I do have a bottle of the TWE version at 55% but who knows when I’ll open it; indeed, if the prices for Karuizawa keep going through the roof (and I’m talking Gothic cathedral roof) maybe I’ll just take it with me on my next trip to the UK and send it off to an auction house. After all, the few Karuizawas I’ve had have not wowed me to the extent that the distillery’s reputation and growing price tag would seem to indicate they should have.
I should add for the benefit of my non-geek readership that while availability of all Japanese whisky is seemingly shrinking as of late, and while prices of all Japanese whisky seem to be rising dramatically of late, Karuizawa is the distillery whose reputation and myth (and prices) matches that of closed Scottish distilleries such as Port Ellen. This reputation, made on the back of intensely sherried single casks, is somewhat asymmetrical, I understand, in Japan vs. Europe and the UK. The distillery didn’t have a huge reputation in Japan while active and indeed all the remaining casks were snapped up by Number One Drinks for sale in the UK and Europe.

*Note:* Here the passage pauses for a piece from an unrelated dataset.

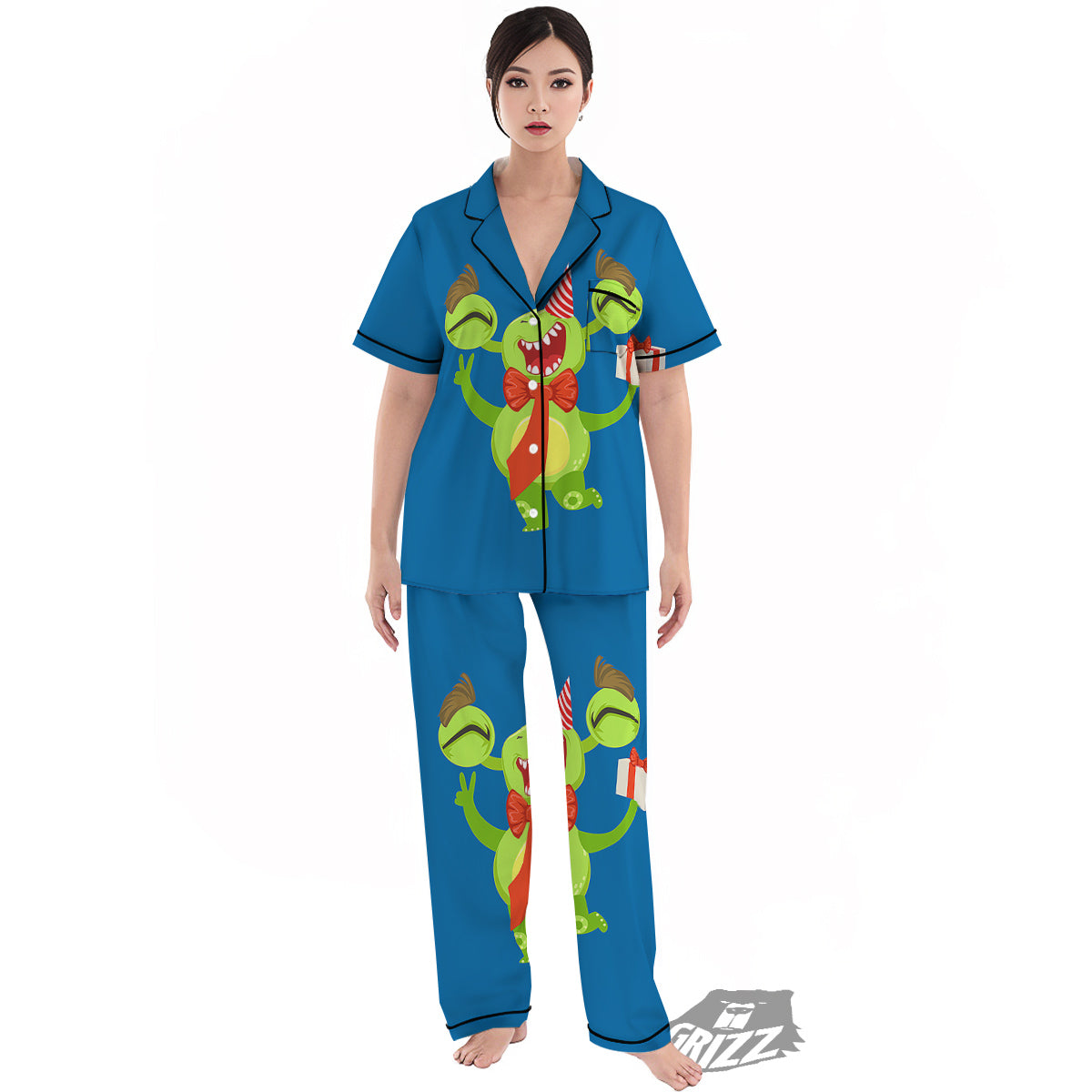 Bow Tie With Cute Alien Print Women's Pajamas Set-grizzshop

I’ve not had as many Karuizawas as the more moneyed, more fortunate and more connected but I have to say none of the ones I’ve had have really blown me away. My suspicion is that awareness of Karuizawa among the European whisky cognoscenti happened just as Japanese whisky became the next big thing and given our community’s predilection for myth-making it’s reputation got a bit of a boost from the fact that it was already closed (or as we like to say “lost”). This is not to say that some of their whisky may not in fact be great, but then some of the whisky produced in almost every distillery is great. Then again, as I said, I’ve not had very many Karuizawas so take this with a huge pinch of salt.

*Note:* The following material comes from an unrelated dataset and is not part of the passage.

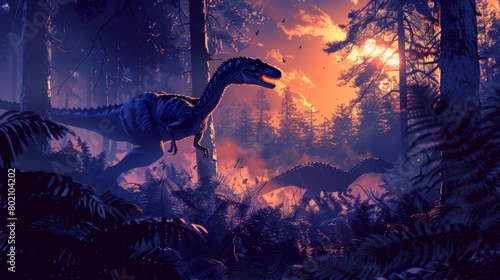 A pack of Allosaurus hunting in the forest at sunset.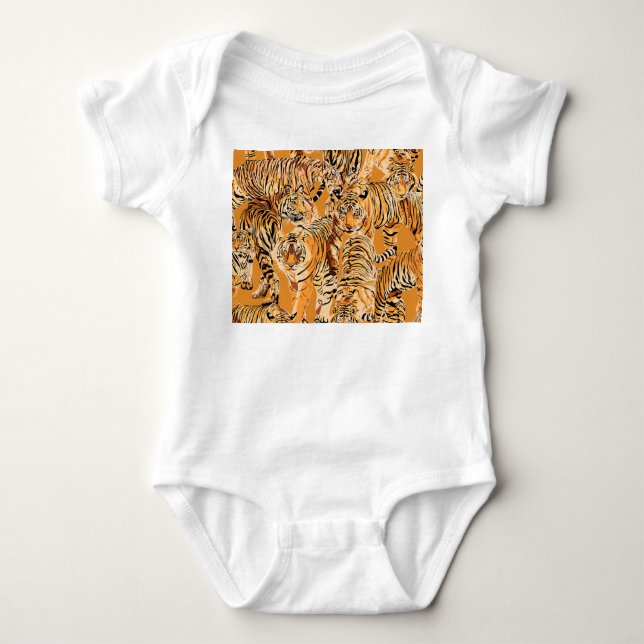 Vintag Tiger Safari Wildlife Pattern Baby Strampler (Vorderseite)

Karuizawa Asama (46%; 1999/2000 distillation; from a sample received in a swap)
Nose: Mildly rubbery with some raisins and light citrus (orange); something metallic too. With time the rubber recedes but the metallic note expands. With even more time the citrus becomes more prominent and there’s a bit of cream with it too. The sulphur that shows up on the palate emerges on the nose too eventually but here it’s the kind of gunpowdery note that I enjoy, in good balance with the orange.
Palate: Pretty much as indicated by the nose but with more depth and more citrus. Thinner than the abv would suggest. After a couple of minutes there’s a sudden note of sulphur and it’s the sharp kind that makes my mouth go “furry”. Not the best sort of development. With a few drops of water the sulphur recedes and there’s a pleasant mocha note now. With more time though that rubbery thing returns.
Finish: Medium. Nothing new emerges; the metallic note outlasts the citrus. The sulphur extends the finish, unfortunately. As on the nose with water.
Comments: Pleasant enough at first if not very interesting but then the sulphur showed up on the palate and finish and dragged it down (though it did make the nose more interesting and water did bring it under control). But even without the sulphur there was nothing here to recommend it over a million sherried malts that continue to be produced in Scotland. Serge gave this a glowing review but we don’t seem to have tasted the same whisky.
Review: 82 points.
Thanks to Bpbleus for the sample! (He’s probably forgotten that he ever sent me this—and I can’t remember when I last heard from him.)